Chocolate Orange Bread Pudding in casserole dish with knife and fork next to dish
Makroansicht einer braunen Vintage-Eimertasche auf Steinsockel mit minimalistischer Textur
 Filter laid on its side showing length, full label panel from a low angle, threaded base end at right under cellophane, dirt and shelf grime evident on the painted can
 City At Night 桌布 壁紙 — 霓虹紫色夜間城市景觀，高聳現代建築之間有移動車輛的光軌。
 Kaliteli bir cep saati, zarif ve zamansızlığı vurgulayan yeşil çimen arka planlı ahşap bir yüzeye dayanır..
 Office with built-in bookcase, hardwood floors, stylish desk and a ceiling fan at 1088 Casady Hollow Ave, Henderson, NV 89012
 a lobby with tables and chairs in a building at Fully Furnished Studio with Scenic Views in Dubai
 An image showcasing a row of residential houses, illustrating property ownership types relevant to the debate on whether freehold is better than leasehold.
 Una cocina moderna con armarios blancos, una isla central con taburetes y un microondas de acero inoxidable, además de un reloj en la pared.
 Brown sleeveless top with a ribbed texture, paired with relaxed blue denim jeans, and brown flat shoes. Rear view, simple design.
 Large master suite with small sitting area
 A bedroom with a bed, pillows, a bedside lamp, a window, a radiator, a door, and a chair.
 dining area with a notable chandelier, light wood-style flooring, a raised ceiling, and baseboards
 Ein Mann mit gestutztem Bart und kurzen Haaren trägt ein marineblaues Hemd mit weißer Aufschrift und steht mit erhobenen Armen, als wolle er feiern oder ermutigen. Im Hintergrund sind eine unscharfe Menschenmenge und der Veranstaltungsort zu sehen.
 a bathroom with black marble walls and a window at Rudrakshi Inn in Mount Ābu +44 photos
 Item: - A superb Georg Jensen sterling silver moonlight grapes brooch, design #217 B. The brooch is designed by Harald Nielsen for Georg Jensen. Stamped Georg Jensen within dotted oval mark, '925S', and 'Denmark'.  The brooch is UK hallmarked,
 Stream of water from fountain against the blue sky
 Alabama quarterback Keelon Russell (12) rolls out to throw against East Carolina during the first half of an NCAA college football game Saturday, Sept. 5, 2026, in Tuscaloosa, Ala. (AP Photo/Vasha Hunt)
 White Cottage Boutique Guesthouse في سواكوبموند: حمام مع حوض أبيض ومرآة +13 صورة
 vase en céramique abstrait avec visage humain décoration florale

*-*-*

== TASK TO CARRY OUT ==
Nothing beyond the line containing "Stream of water" is to be output; the lines above, from the first one onward to that line, are to be transcribed exactly.

== EXPECTED ANSWER ==
Chocolate Orange Bread Pudding in casserole dish with knife and fork next to dish
Makroansicht einer braunen Vintage-Eimertasche auf Steinsockel mit minimalistischer Textur
 Filter laid on its side showing length, full label panel from a low angle, threaded base end at right under cellophane, dirt and shelf grime evident on the painted can
 City At Night 桌布 壁紙 — 霓虹紫色夜間城市景觀，高聳現代建築之間有移動車輛的光軌。
 Kaliteli bir cep saati, zarif ve zamansızlığı vurgulayan yeşil çimen arka planlı ahşap bir yüzeye dayanır..
 Office with built-in bookcase, hardwood floors, stylish desk and a ceiling fan at 1088 Casady Hollow Ave, Henderson, NV 89012
 a lobby with tables and chairs in a building at Fully Furnished Studio with Scenic Views in Dubai
 An image showcasing a row of residential houses, illustrating property ownership types relevant to the debate on whether freehold is better than leasehold.
 Una cocina moderna con armarios blancos, una isla central con taburetes y un microondas de acero inoxidable, además de un reloj en la pared.
 Brown sleeveless top with a ribbed texture, paired with relaxed blue denim jeans, and brown flat shoes. Rear view, simple design.
 Large master suite with small sitting area
 A bedroom with a bed, pillows, a bedside lamp, a window, a radiator, a door, and a chair.
 dining area with a notable chandelier, light wood-style flooring, a raised ceiling, and baseboards
 Ein Mann mit gestutztem Bart und kurzen Haaren trägt ein marineblaues Hemd mit weißer Aufschrift und steht mit erhobenen Armen, als wolle er feiern oder ermutigen. Im Hintergrund sind eine unscharfe Menschenmenge und der Veranstaltungsort zu sehen.
 a bathroom with black marble walls and a window at Rudrakshi Inn in Mount Ābu +44 photos
 Item: - A superb Georg Jensen sterling silver moonlight grapes brooch, design #217 B. The brooch is designed by Harald Nielsen for Georg Jensen. Stamped Georg Jensen within dotted oval mark, '925S', and 'Denmark'.  The brooch is UK hallmarked,
 Stream of water from fountain against the blue sky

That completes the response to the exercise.